The preferred embodiment of the present invention also comprises a microprocessor for controlling the output intensity of the light. The preferred
embodiment may further comprise a translucent removable cover for the aperture, the surface of which can be used to display color.
In another aspect of the present invention, a method or process for capturing and displaying color is provided. The method comprises the steps of: measuring a source surface reflectance for each of three or more colors of visible light; illuminating a target surface with the same three or more colors of light; and adjusting the output intensity of those three or more colors of light until the target surface reflectance for the three or more colors is equal to or substantially equal to the source surface reflectance for those three colors, thereby making the target surface appear to be the same color as the source surface.
In another embodiment of the present invention, the adjusting step comprises adjusting the output intensity of the color of the at least three colors of light until the relative difference between the target surface reflectance for each of the at least three colors is equal to or substantially equal to the relative difference between the source surface reflectance for each of the at least three colors, whereby the target surface appears to be the same color as the source surface.
In a further aspect of the present invention, the output intensity of the three or more colors of light is adjusted in one or more of the following ways: (a) modulating the pulse width while holding power and frequency constant; (b) modulating the frequency while holding pulse width and power constant; or (c) modulating the power while holding pulse width and frequency constant.
In a further aspect of the present invention, the source surface reflectance is stored in a storage medium, possibly for later use or processing.
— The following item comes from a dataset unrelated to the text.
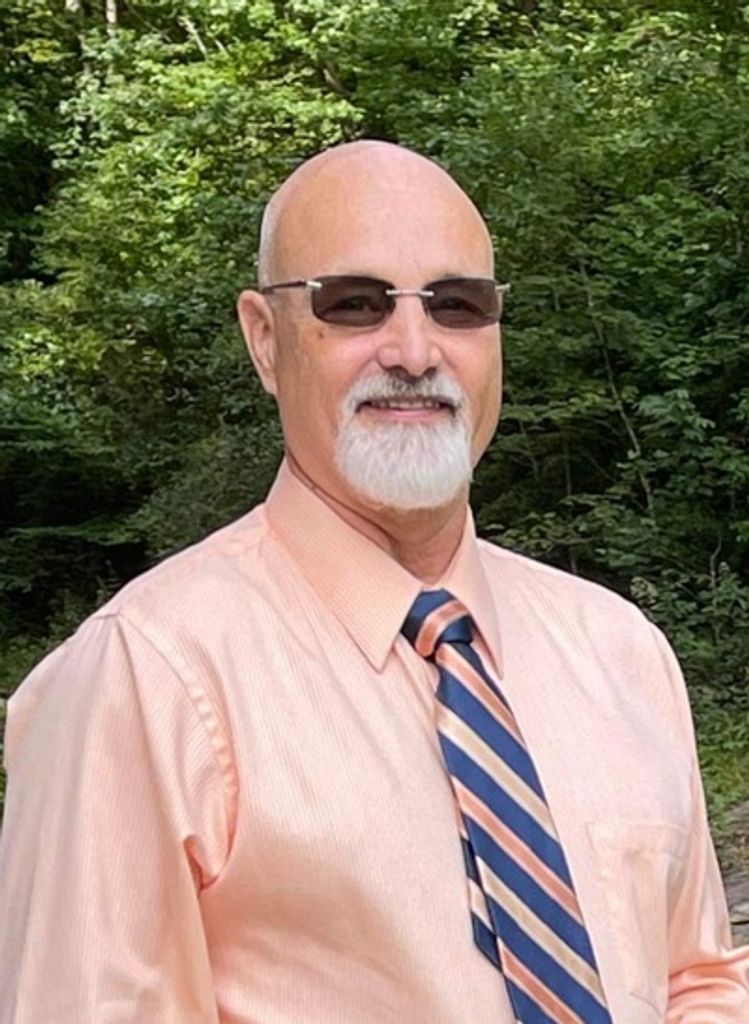 Dwight Earl Smothers Profile Photo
In yet another aspect, the source surface is illuminated with the three or more colors of light prior to measuring
its reflectance. In still another aspect, the illumination of the source surface and second surface is accomplished by sequentially exposing the surfaces with each of the three or more colors of light. In a further aspect of the present invention, the output intensity adjustments are successively reduced by half to arrive at an output intensity that causes the reflectance values to equate or substantially equate to the reflectance values of the source surface. And in a still further aspect of the present invention, the output intensity adjustments are successively reduced by half to arrive at an output intensity that causes the ratio of the reflectance values of the target surface to equate to the ratio of reflectance values of the source surface. In yet another aspect of the present invention, a method for synchronizing wavelengths of light reflected from a source surface with wavelengths of light reflected from a target surface, is presented. The method comprises the steps of: measuring a source surface reflectance for each of at least three wavelengths of light; illuminating a target surface with the at least three wavelengths of light; and adjusting the output intensity of the at least three wavelengths until the target surface reflectance for each wavelength is substantially equal to the source surface reflectance for each wavelength. In another aspect of the invention, the reflectance ratios of the wavelengths of light is used to achieve the same result.
In yet another embodiment of the present invention, a method for capturing non-visible electromagnetic radiation and displaying a proportional quantity of visible electromagnetic radiation is presented. The method comprises the steps of: measuring a source surface reflectance for non-visible electromagnet radiation, illuminating a target surface with visible electromagnetic radiation; and adjusting the output intensity of the visible electromagnetic radiation until the target surface reflectance
for the visible electromagnetic radiation is substantially equal to the source surface reflectance for the non-visible electromagnetic radiation. Features and Advantages of the Present Invention
It is a feature of the present invention that visible and non- visible light emanating from one location or from one source, such as a surface, can be captured and displayed at a different location or on a different surface.
It is a further feature of the present invention that the visible and non- visible light of an object can be captured and transported without damaging the object.
It is yet another feature of the present invention that visible and non- visible light can be captured and stored for a long period of time without breaking down, degrading or fading.
It is an advantage of the present invention that it is small, portable and relatively inexpensive compared to other devices or methods for transporting and displaying visible and non-visible light at remote locations.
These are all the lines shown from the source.